Ordination is call to service, says new Bishop Tighe

  • Catholic News Service, OSV Daily Take
  • |
  • March 03 2016
Blog
CNS photo/Paul Haring

In the presence of family, bishops and priests from Ireland and colleagues from the Vatican, Irish Msgr. Paul Tighe was ordained a bishop Feb. 27 by Cardinal Pietro Parolin, Vatican secretary of state.

Although he said his mother had told him, "Don't make a show of yourself," the new bishop's voice broke with emotion as he thanked his parents, the church in the Archdiocese of Dublin and Archbishop Claudio Celli, his former boss at the Pontifical Council for Social Communications.

In December, Pope Francis named Bishop Tighe, former secretary of the communications council, to be adjunct secretary of the Pontifical Council for Culture.

"With his exemplary behavior and his teaching, he is called to be a sign of divine mercy, to give rise to a yearning for a life inspired by the Gospel and lived in fraternity," Cardinal Parolin said in his homily.

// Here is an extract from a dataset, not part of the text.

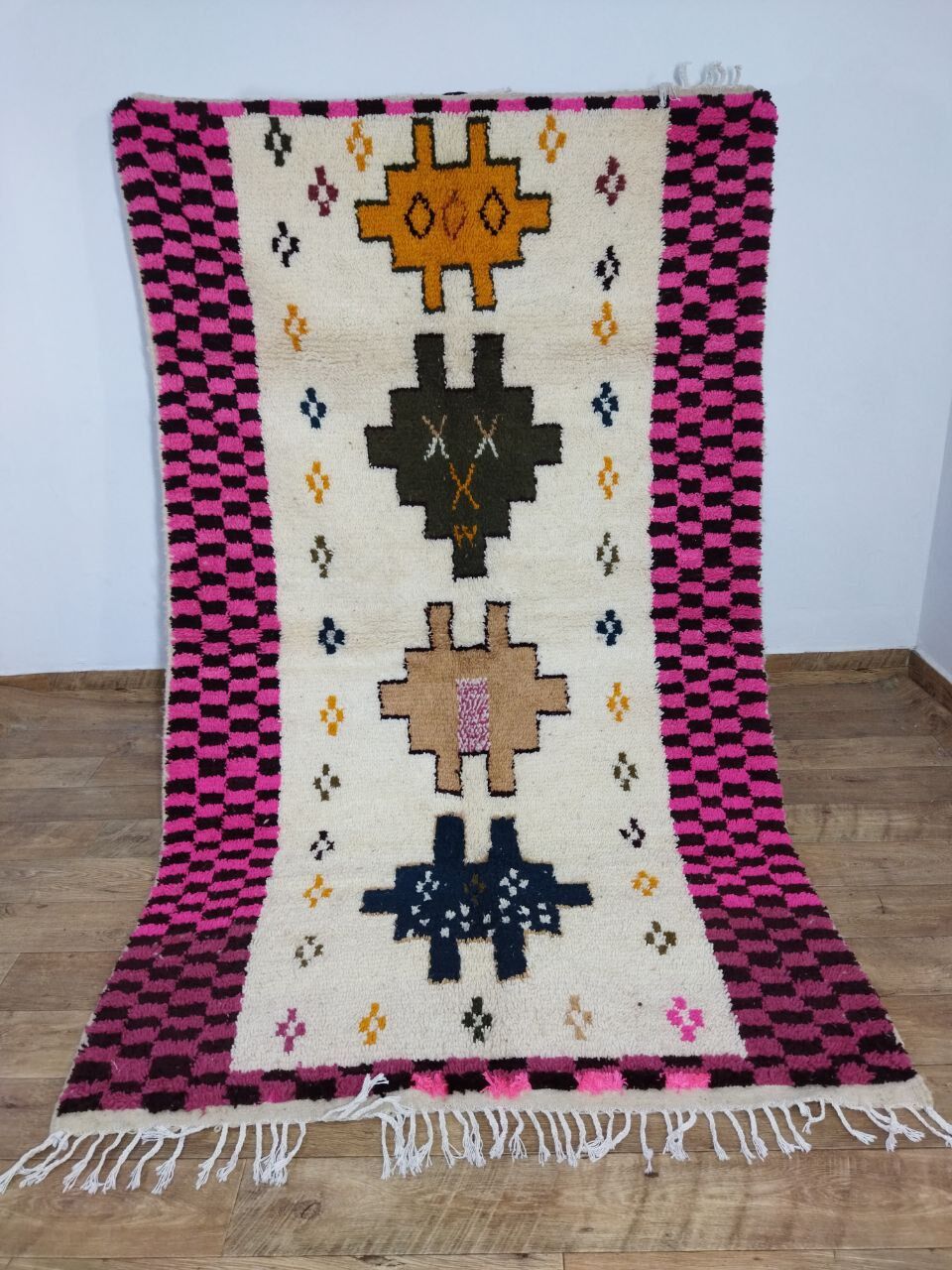 Handmade Moroccan Berber carpet 256x150cm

"A bishop is called to enter into the patience of God, to take care of the most difficult situations and to never despair, not even of those people who seem furthest off," the cardinal said.

Using his remarks at the end of Mass to share an accounting of his blessings, Bishop Tighe said, "The original blessing of my life has been and is a great sense of God's love and closeness to me." That experience, he said, is symbolized by the anchor he chose to have on his coat of arms.

Bishop Tighe, who had served as director of the Communications and Public Affairs Office of the Dublin archdiocese before being appointed to the Pontifical Council for Social Communications, said much of his official ministry has been "with words, but love calls for something more. My motto, 'Estote factores verbi,' 'Be doers of the word,' is a little reminder to myself that our faith is not a theory, but a call to service."